*** Information Section Begins ***

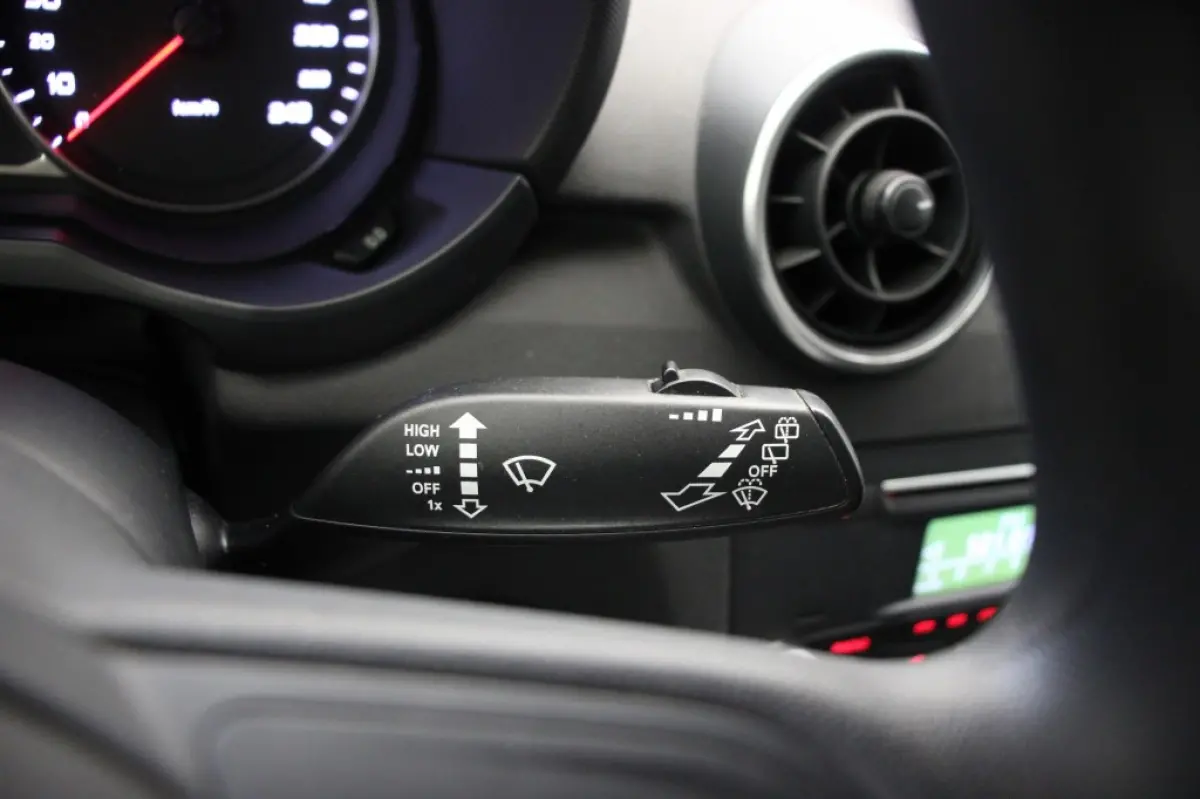 1.0 TFSI 5 Deurs - Cruise, Lichtmetalen Velgen, Getint Glas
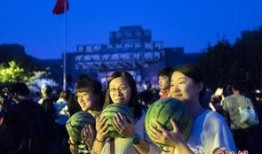 吃瓜群众图片瓜田,吃瓜群众捕捉夏日欢乐瞬间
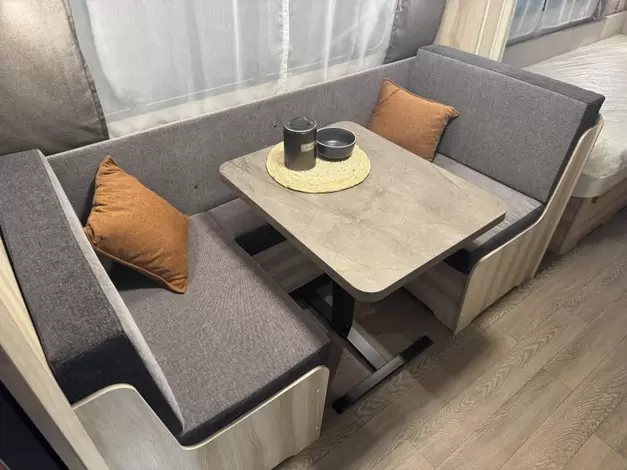 Hobby De Luxe 460 SL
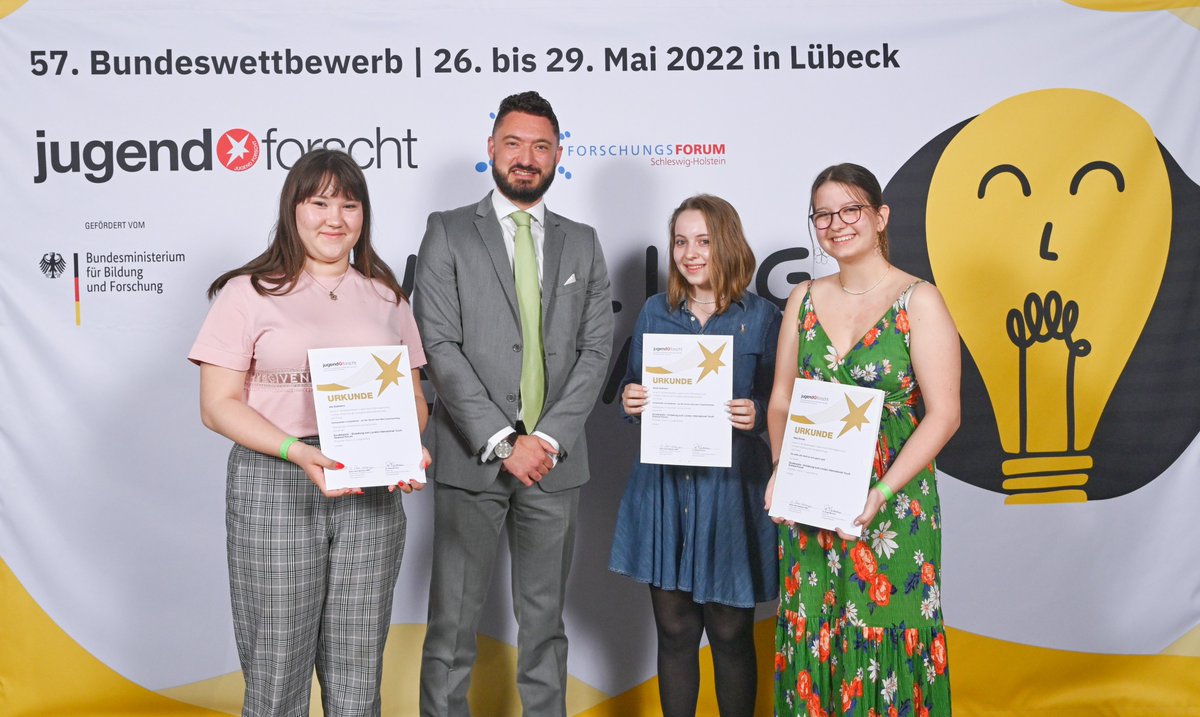 London International Youth Science Forum (@liysf) on Twitter photo Congratulations to all the prize winners at the 57th national competition <a href="/jugend_forscht/">Jugend forscht</a> in Germany👏
We are excited to welcome Anna, Ina and Nele to LIYSF this year! 🇩🇪
It's not too late to join - visit our website to find out how✍️
#LIYSF #STEM #summercamp #prizewinners Congratulations to all the prize winners at the 57th national competition <a href="/jugend_forscht/">Jugend forscht</a> in Germany👏
We are excited to welcome Anna, Ina and Nele to LIYSF this year! 🇩🇪
It's not too late to join - visit our website to find out how✍️
#LIYSF #STEM #summercamp #prizewinners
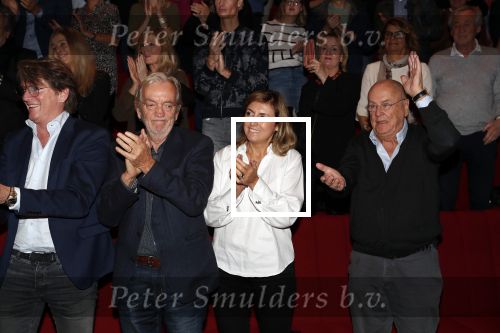 Hilversum 3 december 2018
Tineke de Nooij krijgt ouvre award bij beeld en geluid. Lex harding met partner en Willem v Kooten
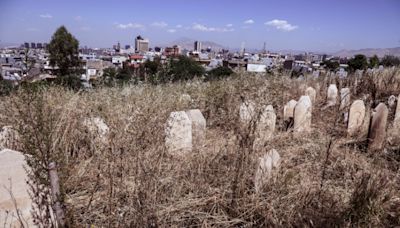 "Quemadas y estranguladas", la parcela olvidada de los feminicidios en un cementerio de Irak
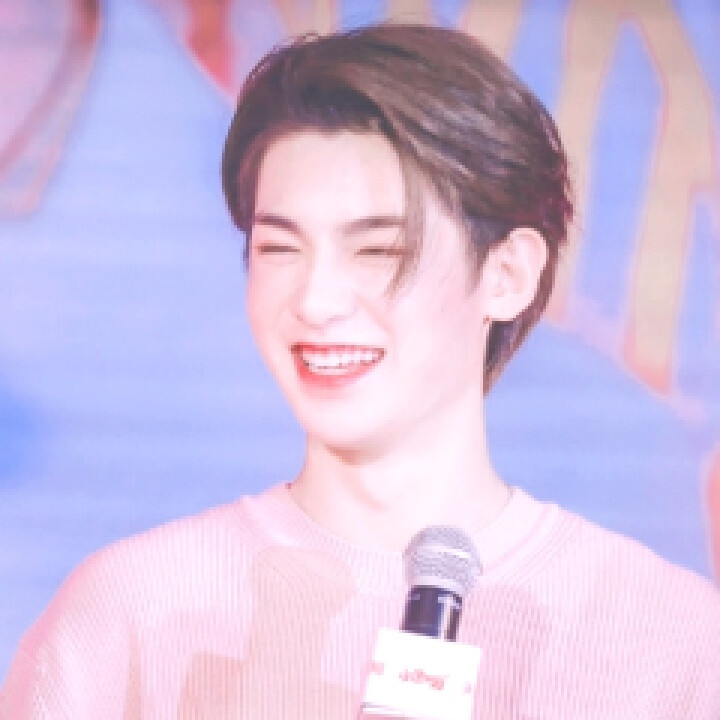 黄明昊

*** Information Section Ends ***

Action item:
To answer, repeat exactly the lines from the line containing "Hilversum 3 december 2018" through the last line of the data above, leaving out all pictures.

Your response:
 Hilversum 3 december 2018
Tineke de Nooij krijgt ouvre award bij beeld en geluid. Lex harding met partner en Willem v Kooten
 "Quemadas y estranguladas", la parcela olvidada de los feminicidios en un cementerio de Irak
 黄明昊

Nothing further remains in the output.